Я стиснул зубы и медленно выпустил воздух из легких – будто затворил тяжелое окно. Дрожь в теле не проходила. Все вокруг было пропитано мерзким запахом – пахло мозгами, насилием, смертью. И все из-за меня. Я повалился на оказавшийся рядом диван, борясь с позывами рвоты. В конце концов, содержимое моего желудка оказалось на ковре, а меня все продолжало выворачивать наизнанку. Рвало желудочным соком, скоро он кончился, но спазмы все не утихали, выжимая из меня уже только воздух и слюну. Бита выпала из рук и со стуком покатилась в темноте по полу.
Когда желудок немного успокоился, я собрался было обтереть рот платком, но не смог пошевелить рукой. Подняться с дивана тоже оказалось не под силу.
– Пора домой, – сказал я в темноту. – Все кончилось. Пойдем.
Она не ответила.
В номере уже никого не было. Утонув в мягком диване, я прикрыл глаза.

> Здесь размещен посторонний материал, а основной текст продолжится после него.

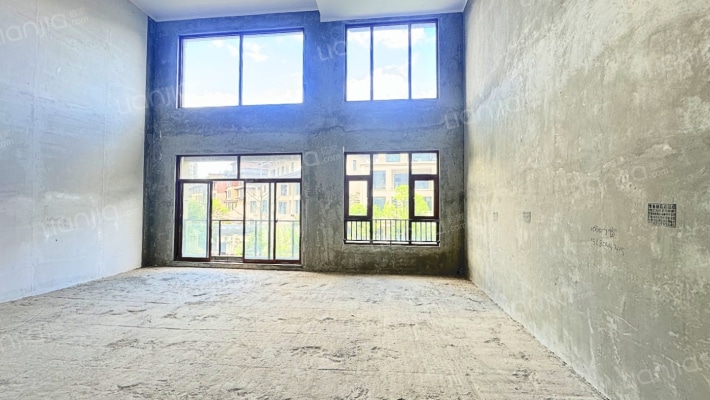 中铁阅山湖阅湖墅二手房实景图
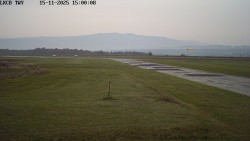 Pojezdová dráha, Runway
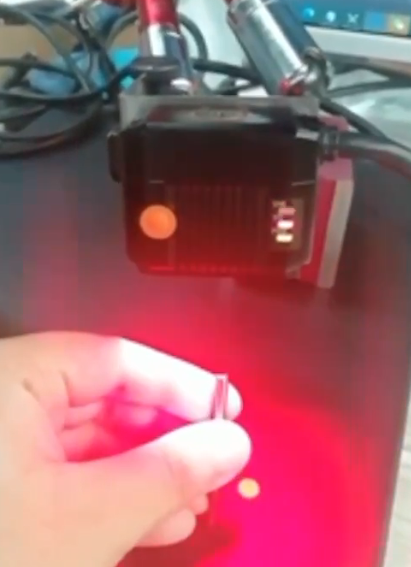 艾韋迅IVY8040M讀取4mm4mm激光蝕刻二維碼蝕刻品質較差，  金屬反光強，需要高解碼性能+良好光處理。.png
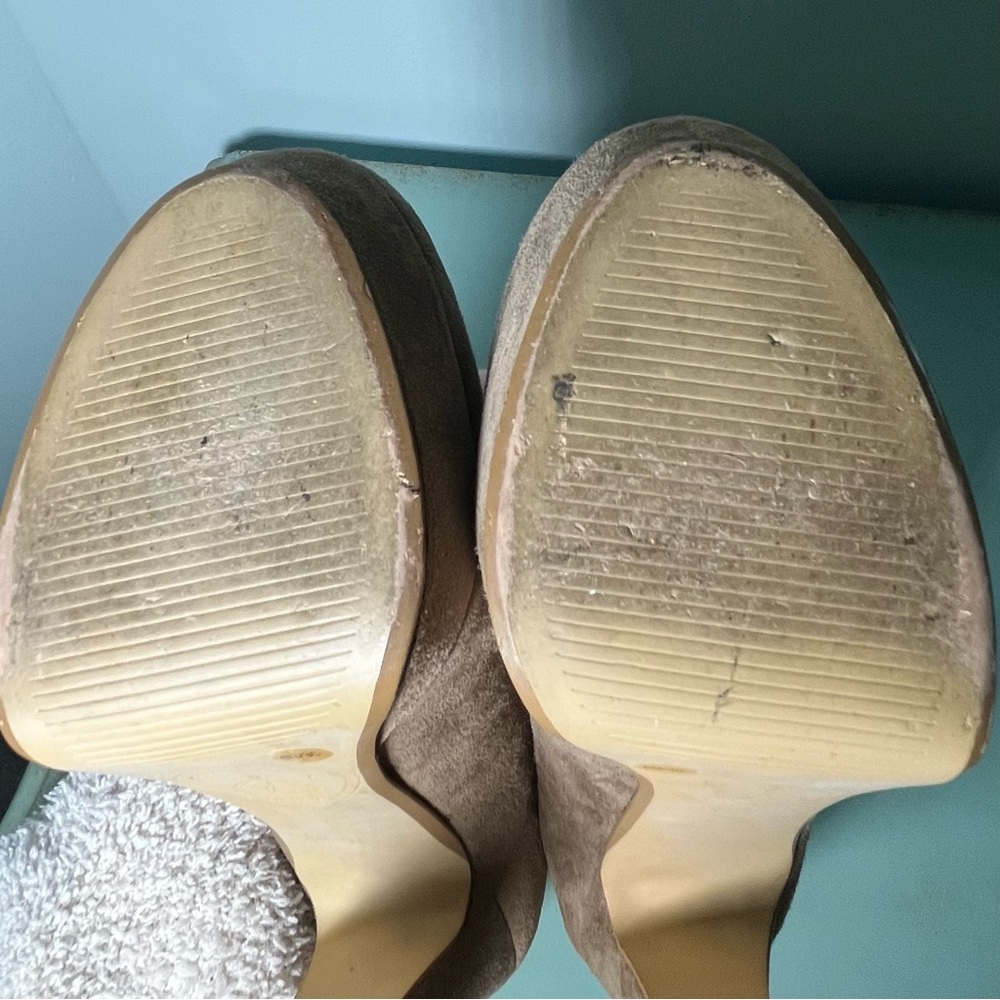 Jessica Simpson Suede Pumps Size 6 Putty Beige Round Toe - Picture 6 of 7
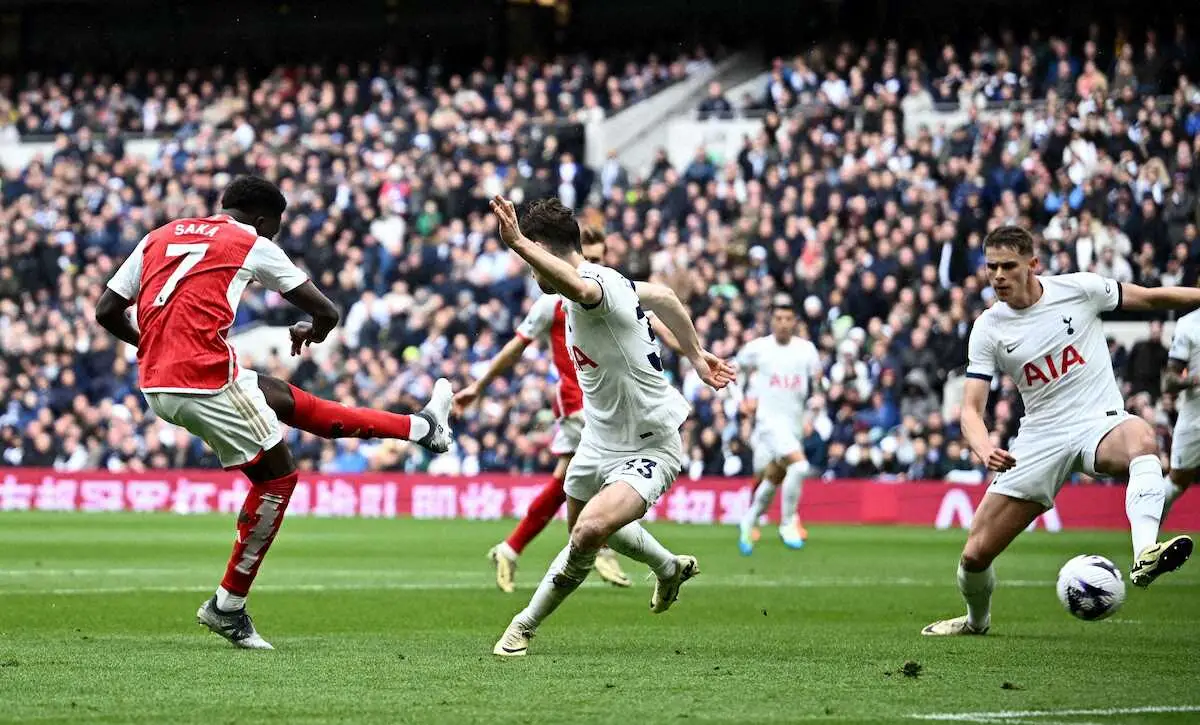 【画像・写真】＜トットナム・アーセナル＞前半、ゴールを決めるアーセナル・サカ（左端）（ロイター）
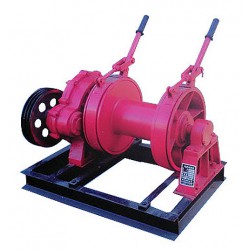 供應(yīng) 1.5噸手控卷揚(yáng)機(jī)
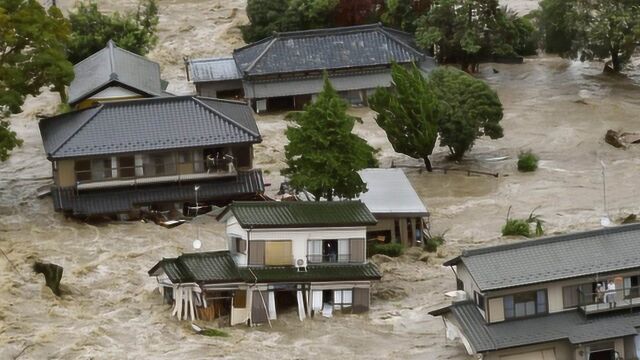 17级“台风王”海贝斯有多强?日本20万人逃难,吹飞1221.7亿日元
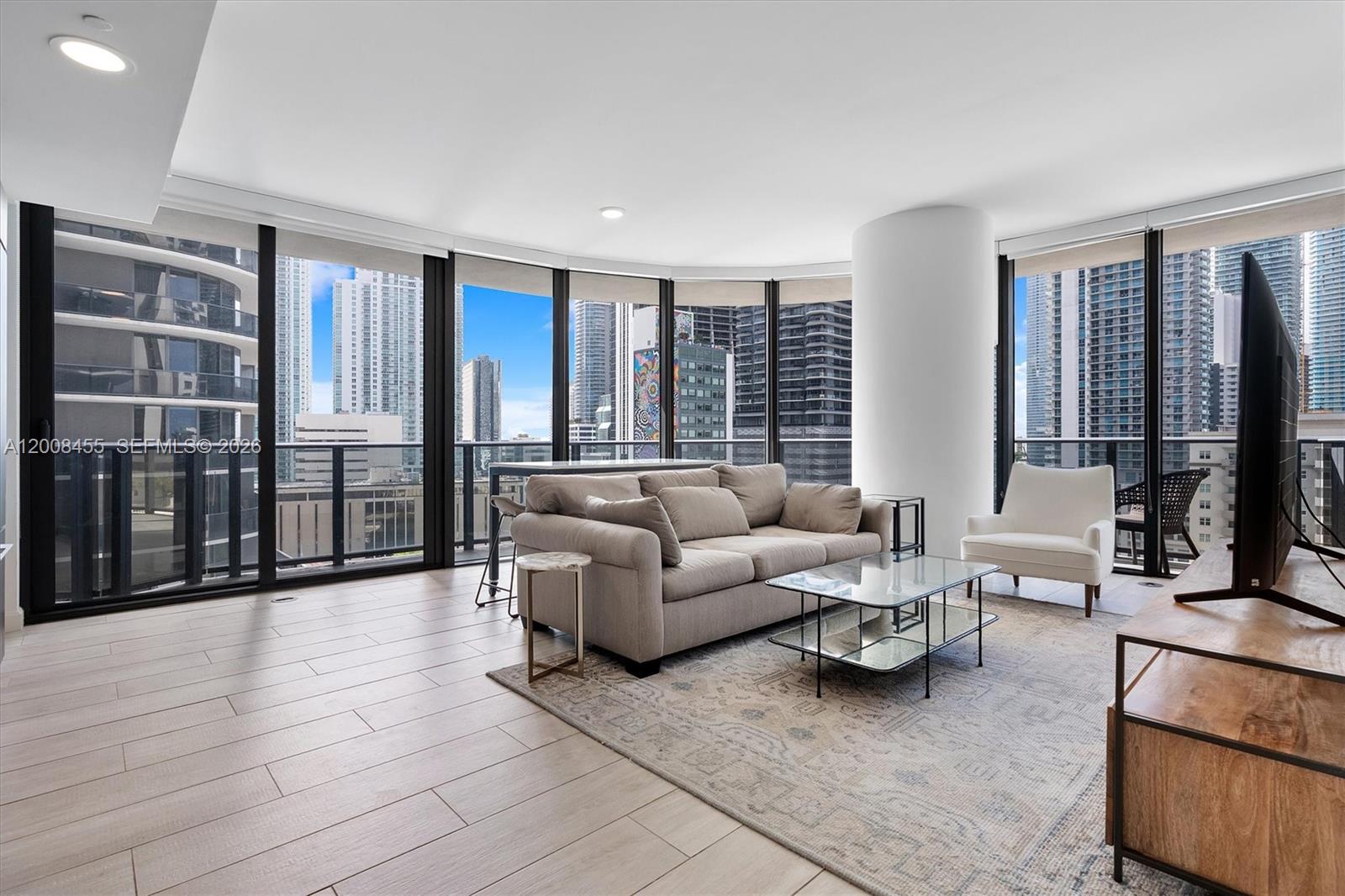 55 SW 9th St #1103, Miami FL 33130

Силы покидали меня, вытекая из пальцев, плеч, шеи, ног. Вместе с ними утихала и боль в ранах. Тело неуклонно теряло вес, лишалось материальной сущности. Но я не испытывал ни беспокойства, ни страха и, не противясь, отдался во власть чего-то огромного, теплого и мягкого. Я передал ему собственную плоть. Все происходило совершенно естественно. Я продвигался сквозь ту желеобразную стену. Для этого надо лишь довериться ласковому течению. Больше я сюда не вернусь, думал я, проникая все дальше. Все кончилось. Но куда же подевалась Кумико? Я должен был забрать ее. Ради этого я и убил его. Да, именно ради этого расколол ему битой череп, как арбуз. Ради этого я… Но больше думать я не мог. Глубокое болото под названием Ничто засосало сознание.
* * *
Я пришел в себя в полной темноте, сидя на земле и, как обычно, подпирая спиной стенку. Я снова очутился в колодце.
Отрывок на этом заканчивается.